TITANIC: Minute by Minute
by Jonathan Mayo
Short Books, London
Paperback: 304 pages
Price: AUD $22.99
Reviewed by Michael E. Daniel
Just over one hundred years after the disaster, public interest in the sinking of the Titanic on April 15, 1912, shows no sign of abating. Jonathan Mayo, a freelance writer and former BBC journalist whose works include other publications in the Minute by Minute series, such as Hitler’s Last Day, D-Day, and The Assassination of JFK, explores the foundering of the Titanic.
As the title of this book suggests, this volume re-tells the story of the sinking of the supposedly “unsinkable ship” minute by minute. The introduction begins with the sinking of the White Star Liner Republicin 1909. Thanks to the recent invention of wireless, the ship was able to alert ships nearby that it was sinking, and all passengers and crew (apart from the few killed when the Florida collided with the Republic) were successfully evacuated to other ships prior to the sinking.
Ironically, this success was to set the scene for the sinking of the Titanic, as it was widely believed that with the invention of wireless telegraphy other ships would reach a ship in distress before it sank; hence, there was no need for a vessel to carry sufficient lifeboats for everyone on board as it was generally believed that the function of lifeboats was to transfer personnel from a damaged ship to other vessels.
The narrative itself begins just over 24 hours before the sinking at midnight on April 14, describing events at various points of the ship at regular intervals. In this early section, readers get a glimpse of the working of a ship, and of the experiences of passengers in the three classes, as well as the inaction that was to contribute significantly to the disaster, in particular the ship maintaining her speed despite numerous ice warnings received from other ships.

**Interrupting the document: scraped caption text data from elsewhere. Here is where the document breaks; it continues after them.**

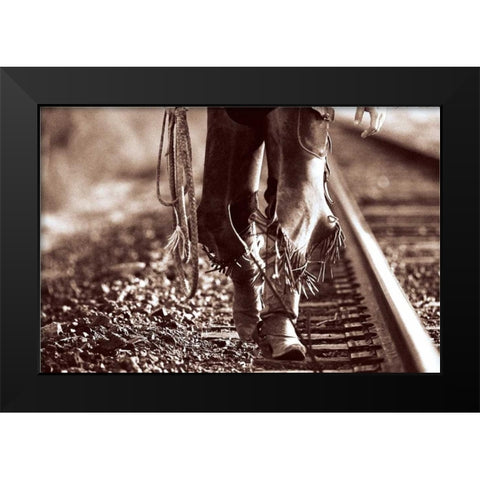 Walking Black Modern Wood Framed Art Print by OMara, James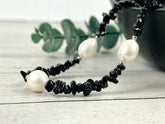Black Beaded Necklace, Black Tourmaline Necklace, Choker Necklace, Baroque Pearl Necklace, Gemstone Necklace, Boho Necklace, Gift for her
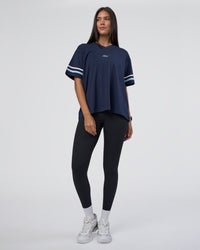 Woman wearing Victory FLXCotton Oversized Tee - Future Navy-Glacial Blue | Model:Rhiley | Size:S | Thumbnail Index: 2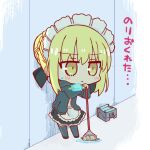  1girl apron artoria_pendragon_(fate) black_footwear black_jacket black_skirt black_thighhighs blonde_hair blush braid braided_bun brown_eyes chibi closed_mouth commentary_request fate/grand_order fate_(series) food full_body hair_between_eyes hair_bun holding holding_food hood hood_down hooded_jacket indoors jacket kasuga_yuuki maid_headdress mop navel open_clothes open_jacket popsicle saber_alter shoes skirt small_sweatdrop solo standing sweat thighhighs translation_request waist_apron white_apron 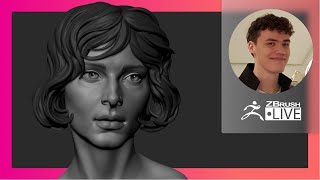 Organic Character amp Creature Sculpting Female Face Sculpture  Luc Tschopp  ZBrush 20217 [upl. by Idnac]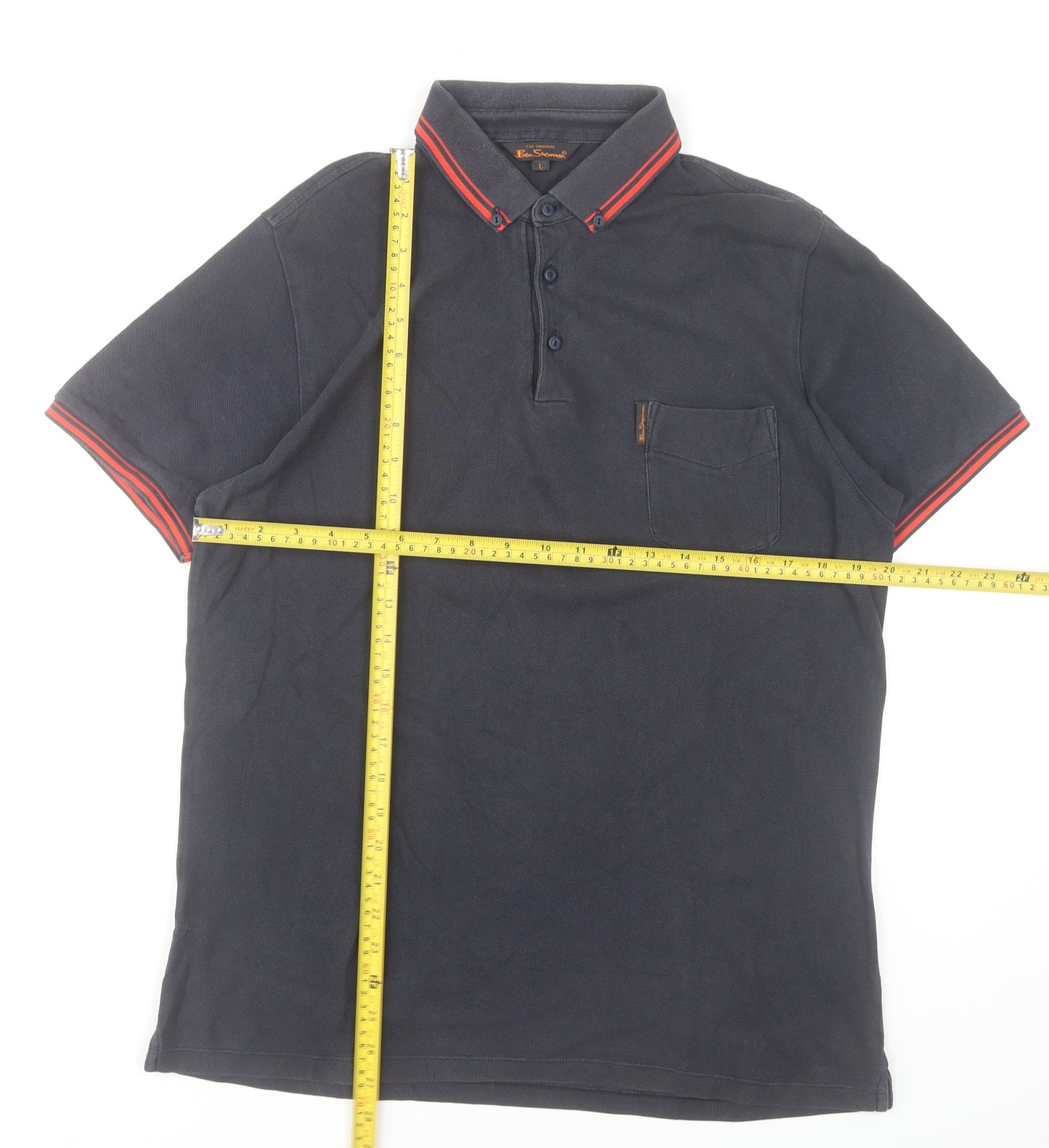 Ben Sherman Men's Blue Polo Shirt L Regular Fit Cotton
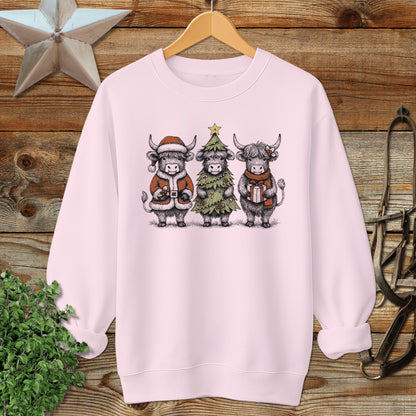 3 Cow Christmas Sweatshirt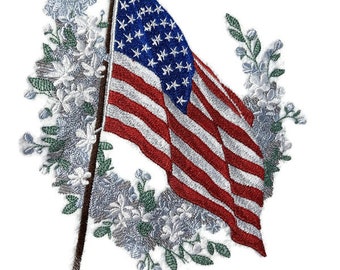 Custom and Unique Patriotic (Flag and Blooms ) Embroidered Iron on/Sew Patch [ 6.85"(w) x 9.94"(h) ] [Made in USA]
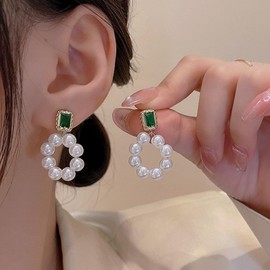 Zeshimb Pearl Beaded Drop Earrings Baroque Pearl Hoop Earrings Faux Pearl Green Emerald Stud Earrings Vintage Silver Pearl Dangle Earrings White Pearl Wedding Earrings Jewelry for Women Girls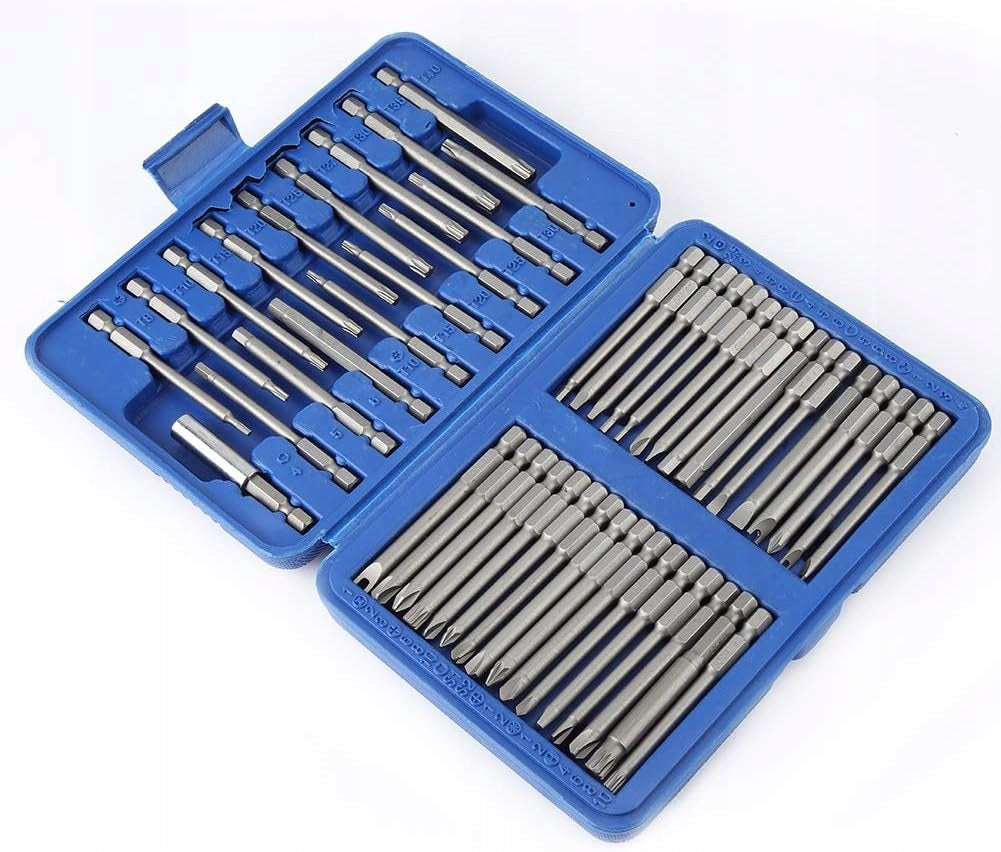 SET OF LONG IMPACT BITS FOR SCREWDRIVER BITS 75mm + HANDLE 50EL Brand WitLine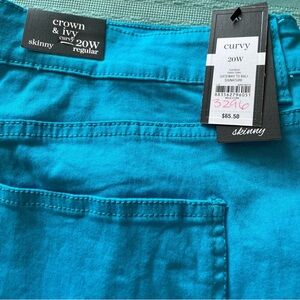 Crown & Ivy Turquoise Skinny Pants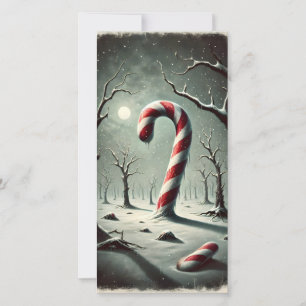 Étrange carte Sucre de canne de nuit d'hiver foncé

From the point at which the ship collides with the iceberg – 11.40pm on April 14 – Mayo recounts the events almost by the minute. Although most narratives examine the sinking chronologically, by analysing events by the minute, here readers get a sense of the events as they actually occurred.
One challenge in reconstructing the narrative this way is in putting the events in the correct time sequence to the minute, which Mayo seems to have been largely successful in doing. In doing so, Mayo’s narrative maintains its cohesion largely because he focuses on different persons in the Titanic story at different points in time.
Titanic Minute by Minute approaches the Titanic tragedy from a different narrative perspective; hence, this volume complements and is a welcome addition to the myriad other narratives already in circulation about the Titanic. The author has drawn on an extensive array of secondary sources, as well as some interviews of survivors in the BBC archives to compile this work.
As a reader who is familiar with a number of other works on this subject matter, it is this reviewer’s sense that some prior knowledge of the main details of the sinking that could be ascertained by watching some of the excellent documentaries on YouTube about the Titanic would help the reader better understand this work.